# Data block

• • • • • • •

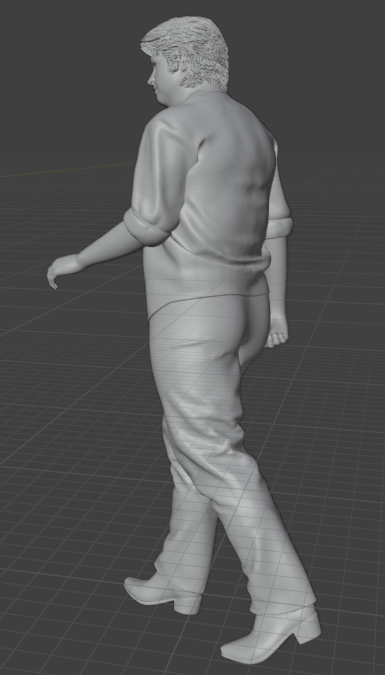 Homme Qui Court (Pose n°4) / figurine en résine imprimée en 3D non peinte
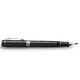 Ручка перьевая Parker DUOFOLD 135th Anniversary Precious Black CT FP18-С F 98 701 фото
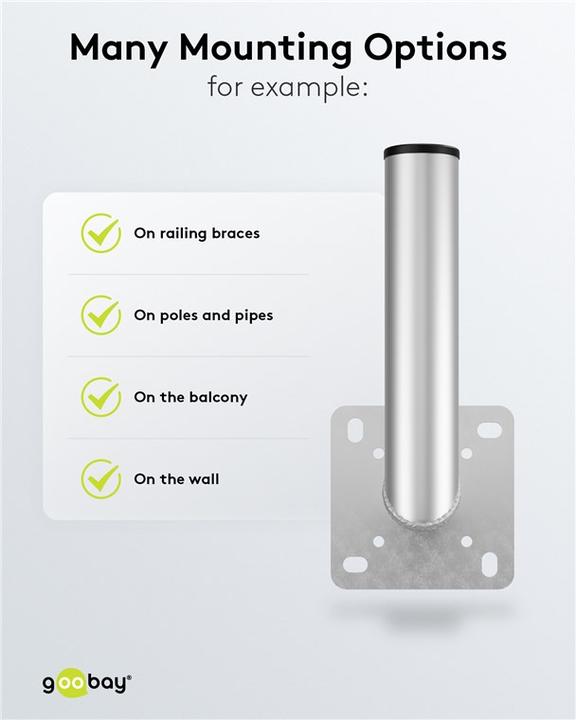 Actual product image Goobay SAT dish wall bracket (Mirrors + antennas Mounting)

• • • • • • •

# Prompt
Restate the whole listing exactly as written, minus the pictures.

# Answer box
 Homme Qui Court (Pose n°4) / figurine en résine imprimée en 3D non peinte
 Ручка перьевая Parker DUOFOLD 135th Anniversary Precious Black CT FP18-С F 98 701 фото
 Actual product image Goobay SAT dish wall bracket (Mirrors + antennas Mounting)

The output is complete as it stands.